:: What the exercise asks ::
Images excepted, the data below must be repeated exactly.

:: Recorded information ::
*** Begin section ***

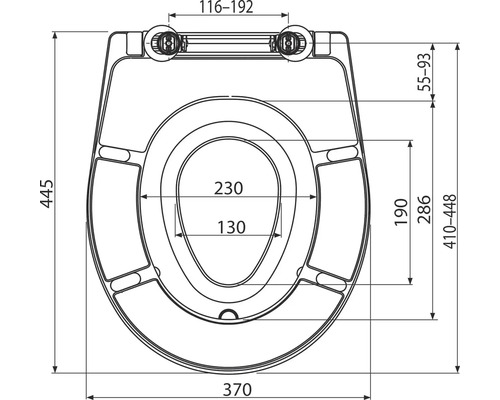 Desen tehnic al unui capac de toaletă cu dimensiuni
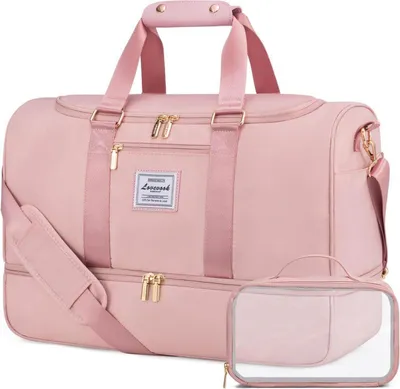 Produktbild von LOVEVOOK Reisetasche 50L Sporttasche für Damen, Handgepäck Weekender mit Schuhfach, Nassfach, wasserdicht, Rosa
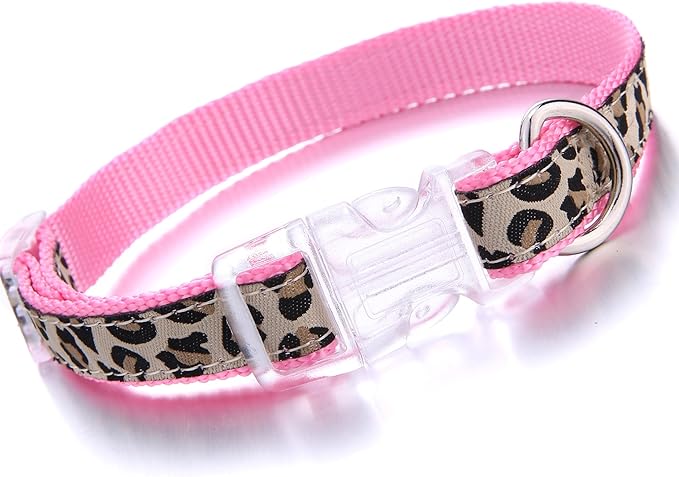 Mile High Life Leopard Dog Harness Collar Leash Set, Adjustable No Pull Dog Halter Harness for Small Breed Dogs, Easy Control for Training Walking (Pink, XS Chest 9"-15", Neck 8"-12")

*** End section ***

:: Response to the task ::
 Desen tehnic al unui capac de toaletă cu dimensiuni
 Produktbild von LOVEVOOK Reisetasche 50L Sporttasche für Damen, Handgepäck Weekender mit Schuhfach, Nassfach, wasserdicht, Rosa
 Mile High Life Leopard Dog Harness Collar Leash Set, Adjustable No Pull Dog Halter Harness for Small Breed Dogs, Easy Control for Training Walking (Pink, XS Chest 9"-15", Neck 8"-12")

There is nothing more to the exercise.